On Saturday, Rachel White was on her way to meet the dead spymaster when she realised she was being followed.
It was little more than instinct at first, a glimpse of a familiar gait, face or hat. The crowd in Charing Cross was thick, drawn out by the sunny autumn afternoon. She stopped at a booth that sold old records, pretended to study the cover of a Schubert music sheet, and watched the passers-by.
Newsboys carried advert placards on their backs: THE TRUTH HURTS—THIS AWFUL TRUTH WILL MAKE YOU SCREAM. Workmen pasted down steaming, pungent asphalt. Sleek electric cars and tottering old buses huddled shoulder to shoulder in a traffic jam and blared their horns. A young man in a sweater gave her an appreciative look. Ectofactory workers wearing dishevelled coats and pasty complexions shuffled past. A cabbie union man offered her a leaflet on the evils of spirit cabs and unemployment.
Nothing. No familiar faces, hats or gaits. Her street tradecraft—a spy’s art of clandestine encounters and surveillance evasion—was rusty but she still knew how to execute a surveillance-detection route: a logical path through the city that was designed to force any observers to reveal themselves. In the past three hours, she had criss-crossed the city on the Tube, taken several cabs and wandered through Harrods. Foyles bookstore was going to serve as her final choke point.

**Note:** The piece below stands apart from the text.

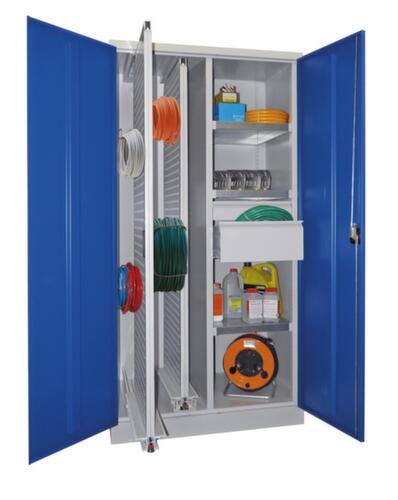 PAVOY Vertical cabinet with practical features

Of course, it was possible for a team of agents to shadow a suspect without being spotted. More than four were practically undetectable. In addition, she had no way of sensing aetheric surveillance, although spirit Watchers were nearly useless in the daytime.
Was she being overcautious? As far as anyone in the Winter Court knew, she was now happily working as a clerk in the Finance Section, doing exactly what Roger had advised. She shuffled dull paperwork any office girl could have handled, except for the high clearance required, approved bank wires to fund overseas operations and reconciled accounts with deliberately obscure line items. She lunched with the junior staff in the canteen, away from her former colleagues. On the rare occasions when she interacted with Liddell, Vee-Vee or other senior personnel, she gracefully accepted empty promises of support and hinted that she might want to retire early, as soon as her pension and Ticket were secure.
Rachel might almost have believed it herself if not for the contents of the Manila folder she had taken from Wormwood Scrubs, and the response to the anonymous ectomail she had sent to the folder’s subject two days earlier.